Maybe the most surprising thing about this series is that Steve Hamilton--like Lawrence Block, in his Keller novels--somehow makes the reader care about an extremely unlikely hero. Nick Mason has a good heart, but he's still a hired assassin. And here we are, cheering him on. I plan to do the same with future installments in this series.

Breaking news: The first of the Nick Mason novels will be a major movie soon, and a recent podcast featuring an interview with Steve can be found at Wrong Place, Right Crime.  (Click on July 3: Steve Hamilton. Hint, hint: I'll be featured there on July 17, so tune in for that one too.)

That's my pitch for today. Again, the novels are The Second Life of Nick Mason and Exit Strategy. I hope you'll read them, and the Alex McKnight series as well. In other words, spend a few cold days in Paradise.

And to Steve, if you read this . . . keep up the good work.




14 comments:

janice law said...

My husband just read and enjoyed the Second Life of Nick Mason.

John Floyd said...

I'm glad to hear he did, Janice. I found out about it late--in fact the second book (Exit Strategy) was already out when I learned about the first, so I ordered them both and read 'em back-to-back.

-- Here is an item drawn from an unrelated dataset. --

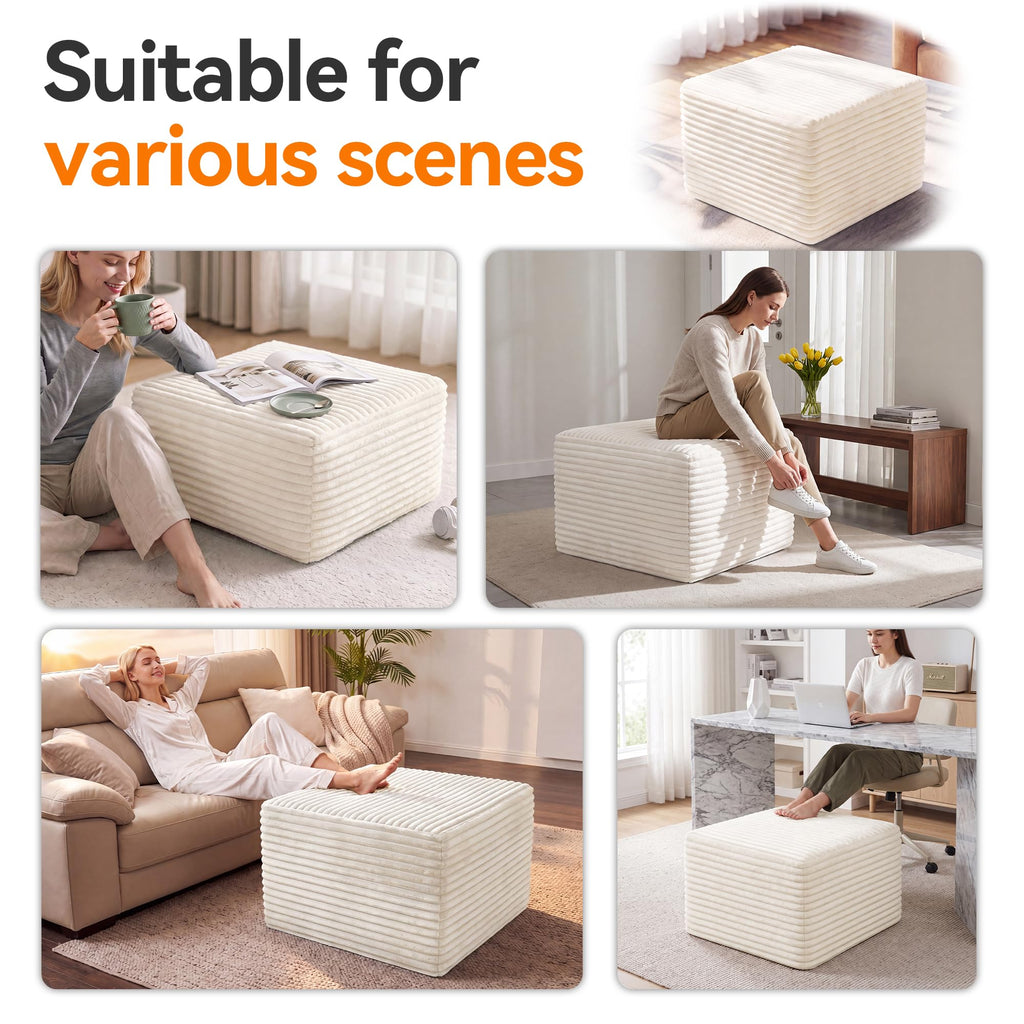 23in Square Pouf Ottoman, Large Corduroy Ottoman Foot Rest with Solid High-Density Foam, Removable Washable Cover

I hope he enjoyed the story.

B.K. Stevens said...

Fascinating post, John. These books don't seem like the sorts of mysteries I usually read, but you definitely make them sound intriguing.

John Floyd said...

Thanks, Bonnie. They're probably NOT the kind you usually read--but I think you might enjoy them. These two books are thrillers more than traditional mysteries, of course, but I suppose it all falls under the umbrella of crime fiction. What's intriguing to me about this new series is that it introduces a guy who lives in a totally different world from almost all the rest of us, and I can still relate to him and root for him. And I just like Steve's writing style--the plot moves fast, like Harlan Coben's, and there's a lot of action.

O'Neil De Noux said...

Thanks for tipping me off to this.

John Floyd said...

O'Neil, I actually thought of you when I was reading these. He obviously did a lot of research into urban police forces, the FBI, etc. I believe you might like the series.

Paul D. Marks said...

Good post, John. Really enjoyed it.

John Floyd said...

Thanks, Paul. Of special interest to me (and probably to you too) is the fact that The Second Life of Nick Mason will soon be a major movie. Should be a good one!

Jan Grape said...

I fell in love with Steve and Alex when I had the pleasure to announce and introduce Steve at Bouchercon (many winters ago.)Steve had just won the Private Eye Writers/St Martins Best First Novel Contest. Steve was tall, good looking and about as nervous as a long tail cat in a room full of rocking chairs. He asked me in a whisper if I could hear his knees knocking? "Nothing to be nervous about, kid." You're going to do fine." I have not read either books with his new character Nick Mason. But will get them ordered soon. Steve's success is great to see but because of his hard work, he deserves it.
Thanks John for this wonderful post.

John Floyd said...

Jan, I think you'll enjoy the two latest books. Nick Mason is a totally different character in every way from Alex McKnight, but you'll like him.

As for awards, I think Steve's won just about all of them, and some of them multiple times. As you said, he is truly deserving of his success.

Frank Zafiro said...

Thanks for the mention, John...and your episode of WRONG PLACE, WRITE CRIME is now live!

The Nick Mason series is stellar. Action, personal angst, a redemption arc for everyone involved...just great. Thanks for exploring this character!

John Floyd said...

Thanks, Frank, for stopping in, and thanks for the opportunity of doing the podcast with you--I thoroughly enjoyed the one you did with Steve a couple weeks ago. Take care!

EK said...

I was happy to see Steve Hamilton start a new series--the Alex McKnight series was running out of steam in the last couple of books. But, in my view, he really hit the reset button with The Lock Artist. What a terrific book. I enjoyed the first Nick Mason, and I'll certainly keep reading.

John Floyd said...

Thank you for commenting, EK. Yes, The Lock Artist was excellent, and different from anything he's written before or after.

I predict that you'll like Exit Strategy as much as you did the first Mason. Thanks again.